• **EXERCISE BRIEF**: The word "Charm" occurs in some of the lines below; copy each of those lines.

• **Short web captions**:
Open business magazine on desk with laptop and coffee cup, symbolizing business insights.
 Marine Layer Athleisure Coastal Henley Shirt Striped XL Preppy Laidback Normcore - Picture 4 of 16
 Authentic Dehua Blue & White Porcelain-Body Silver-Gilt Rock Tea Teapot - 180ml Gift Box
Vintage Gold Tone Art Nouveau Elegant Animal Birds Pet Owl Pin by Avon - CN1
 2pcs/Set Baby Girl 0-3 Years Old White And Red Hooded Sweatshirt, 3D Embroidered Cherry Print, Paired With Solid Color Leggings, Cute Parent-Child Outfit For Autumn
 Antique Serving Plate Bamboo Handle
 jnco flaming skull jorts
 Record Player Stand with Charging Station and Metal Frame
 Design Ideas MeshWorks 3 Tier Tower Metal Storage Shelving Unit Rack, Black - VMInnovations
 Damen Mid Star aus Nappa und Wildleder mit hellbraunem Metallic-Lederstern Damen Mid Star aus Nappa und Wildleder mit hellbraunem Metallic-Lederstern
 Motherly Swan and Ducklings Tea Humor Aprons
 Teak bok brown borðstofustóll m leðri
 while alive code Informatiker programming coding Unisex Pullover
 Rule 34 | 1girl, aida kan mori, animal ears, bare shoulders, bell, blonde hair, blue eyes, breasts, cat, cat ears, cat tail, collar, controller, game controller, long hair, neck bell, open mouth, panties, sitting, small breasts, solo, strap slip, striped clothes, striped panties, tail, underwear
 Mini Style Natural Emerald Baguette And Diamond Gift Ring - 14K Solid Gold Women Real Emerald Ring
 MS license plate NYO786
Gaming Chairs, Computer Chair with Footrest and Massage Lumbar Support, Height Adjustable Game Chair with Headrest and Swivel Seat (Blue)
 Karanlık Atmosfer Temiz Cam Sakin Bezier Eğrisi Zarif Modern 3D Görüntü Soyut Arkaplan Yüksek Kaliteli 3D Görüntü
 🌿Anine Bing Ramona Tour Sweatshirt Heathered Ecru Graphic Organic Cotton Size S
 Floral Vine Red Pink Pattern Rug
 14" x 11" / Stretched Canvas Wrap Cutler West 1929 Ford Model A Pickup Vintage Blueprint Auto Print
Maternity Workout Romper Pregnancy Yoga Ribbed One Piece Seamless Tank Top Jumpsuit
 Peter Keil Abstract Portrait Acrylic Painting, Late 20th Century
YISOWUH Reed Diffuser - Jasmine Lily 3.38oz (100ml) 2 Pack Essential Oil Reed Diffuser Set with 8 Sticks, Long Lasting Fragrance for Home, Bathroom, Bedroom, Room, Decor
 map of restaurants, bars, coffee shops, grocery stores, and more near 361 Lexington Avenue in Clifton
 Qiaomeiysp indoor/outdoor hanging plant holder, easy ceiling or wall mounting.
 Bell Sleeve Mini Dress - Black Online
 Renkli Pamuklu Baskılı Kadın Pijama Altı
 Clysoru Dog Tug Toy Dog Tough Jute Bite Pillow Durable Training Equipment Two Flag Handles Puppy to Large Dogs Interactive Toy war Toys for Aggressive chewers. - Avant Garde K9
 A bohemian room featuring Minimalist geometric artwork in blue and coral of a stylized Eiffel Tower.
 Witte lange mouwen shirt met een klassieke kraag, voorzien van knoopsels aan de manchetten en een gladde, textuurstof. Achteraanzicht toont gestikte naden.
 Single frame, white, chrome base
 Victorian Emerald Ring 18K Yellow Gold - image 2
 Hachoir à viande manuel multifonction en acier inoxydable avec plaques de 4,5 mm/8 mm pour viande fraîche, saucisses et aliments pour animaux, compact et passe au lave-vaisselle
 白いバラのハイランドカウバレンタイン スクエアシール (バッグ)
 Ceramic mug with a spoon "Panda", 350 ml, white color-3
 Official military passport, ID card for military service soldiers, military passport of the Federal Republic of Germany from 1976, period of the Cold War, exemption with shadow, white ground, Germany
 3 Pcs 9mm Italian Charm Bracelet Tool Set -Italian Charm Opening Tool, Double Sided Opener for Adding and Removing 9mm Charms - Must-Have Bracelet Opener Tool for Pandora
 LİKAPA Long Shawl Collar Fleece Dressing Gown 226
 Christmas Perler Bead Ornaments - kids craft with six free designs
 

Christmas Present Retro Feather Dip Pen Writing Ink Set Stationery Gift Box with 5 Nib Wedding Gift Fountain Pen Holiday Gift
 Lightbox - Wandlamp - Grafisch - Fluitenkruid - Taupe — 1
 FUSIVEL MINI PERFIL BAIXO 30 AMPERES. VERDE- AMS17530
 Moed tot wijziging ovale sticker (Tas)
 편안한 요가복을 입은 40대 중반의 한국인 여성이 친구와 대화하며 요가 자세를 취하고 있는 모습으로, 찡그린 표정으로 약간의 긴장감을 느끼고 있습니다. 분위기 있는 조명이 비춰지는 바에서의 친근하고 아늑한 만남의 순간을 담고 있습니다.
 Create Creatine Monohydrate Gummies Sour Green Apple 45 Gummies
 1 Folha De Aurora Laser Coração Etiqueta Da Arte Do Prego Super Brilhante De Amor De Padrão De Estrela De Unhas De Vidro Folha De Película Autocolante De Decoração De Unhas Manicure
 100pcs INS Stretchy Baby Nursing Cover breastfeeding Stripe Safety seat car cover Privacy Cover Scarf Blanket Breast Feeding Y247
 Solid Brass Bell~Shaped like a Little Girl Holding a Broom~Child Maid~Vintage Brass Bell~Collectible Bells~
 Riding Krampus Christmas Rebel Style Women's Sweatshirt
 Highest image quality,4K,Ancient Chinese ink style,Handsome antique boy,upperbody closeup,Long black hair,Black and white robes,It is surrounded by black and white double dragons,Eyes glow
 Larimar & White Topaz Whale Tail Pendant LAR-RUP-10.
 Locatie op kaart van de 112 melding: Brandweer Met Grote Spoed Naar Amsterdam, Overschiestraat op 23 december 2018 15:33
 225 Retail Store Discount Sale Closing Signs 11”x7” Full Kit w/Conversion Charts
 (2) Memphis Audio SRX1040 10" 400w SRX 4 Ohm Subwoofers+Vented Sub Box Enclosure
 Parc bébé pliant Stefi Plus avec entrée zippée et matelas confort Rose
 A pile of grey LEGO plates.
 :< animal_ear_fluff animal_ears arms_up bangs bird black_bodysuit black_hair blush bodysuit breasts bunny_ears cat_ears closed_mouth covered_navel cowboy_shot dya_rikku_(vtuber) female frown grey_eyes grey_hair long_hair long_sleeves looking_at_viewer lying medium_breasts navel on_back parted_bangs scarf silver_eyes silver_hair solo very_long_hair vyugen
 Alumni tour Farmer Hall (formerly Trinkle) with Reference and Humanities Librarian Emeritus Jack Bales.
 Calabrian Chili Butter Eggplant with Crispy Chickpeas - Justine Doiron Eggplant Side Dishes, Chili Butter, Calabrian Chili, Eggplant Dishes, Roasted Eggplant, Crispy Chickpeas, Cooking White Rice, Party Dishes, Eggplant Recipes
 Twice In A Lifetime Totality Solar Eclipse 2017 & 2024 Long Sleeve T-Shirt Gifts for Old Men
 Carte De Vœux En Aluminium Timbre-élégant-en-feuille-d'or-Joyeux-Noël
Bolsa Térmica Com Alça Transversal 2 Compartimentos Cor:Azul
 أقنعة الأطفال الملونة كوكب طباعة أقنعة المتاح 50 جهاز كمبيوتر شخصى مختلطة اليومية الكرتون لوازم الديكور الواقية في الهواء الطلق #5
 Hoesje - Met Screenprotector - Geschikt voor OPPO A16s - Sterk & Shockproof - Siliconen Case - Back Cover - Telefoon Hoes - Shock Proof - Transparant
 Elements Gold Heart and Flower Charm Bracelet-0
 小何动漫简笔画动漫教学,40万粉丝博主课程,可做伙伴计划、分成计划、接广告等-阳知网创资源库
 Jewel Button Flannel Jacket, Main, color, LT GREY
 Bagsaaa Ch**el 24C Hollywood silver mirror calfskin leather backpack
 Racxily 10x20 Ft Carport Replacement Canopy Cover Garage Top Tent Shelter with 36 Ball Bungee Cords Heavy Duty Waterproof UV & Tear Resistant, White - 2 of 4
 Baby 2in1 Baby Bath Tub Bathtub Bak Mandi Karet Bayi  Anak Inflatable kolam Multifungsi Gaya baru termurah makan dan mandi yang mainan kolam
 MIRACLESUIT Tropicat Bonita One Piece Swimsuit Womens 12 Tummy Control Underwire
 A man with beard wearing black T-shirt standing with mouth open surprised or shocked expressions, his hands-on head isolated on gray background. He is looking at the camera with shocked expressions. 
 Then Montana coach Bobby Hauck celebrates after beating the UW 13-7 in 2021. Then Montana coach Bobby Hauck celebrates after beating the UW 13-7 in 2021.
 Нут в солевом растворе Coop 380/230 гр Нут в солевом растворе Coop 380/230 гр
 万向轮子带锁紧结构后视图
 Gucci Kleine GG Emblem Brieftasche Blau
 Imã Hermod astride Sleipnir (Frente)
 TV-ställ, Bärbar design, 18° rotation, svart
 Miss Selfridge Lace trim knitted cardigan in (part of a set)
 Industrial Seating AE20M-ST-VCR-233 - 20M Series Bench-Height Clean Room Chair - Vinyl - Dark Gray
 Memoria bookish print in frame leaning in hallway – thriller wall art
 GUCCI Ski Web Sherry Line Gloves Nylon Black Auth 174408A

• **COMPLETED TASK**:
 3 Pcs 9mm Italian Charm Bracelet Tool Set -Italian Charm Opening Tool, Double Sided Opener for Adding and Removing 9mm Charms - Must-Have Bracelet Opener Tool for Pandora
 Elements Gold Heart and Flower Charm Bracelet-0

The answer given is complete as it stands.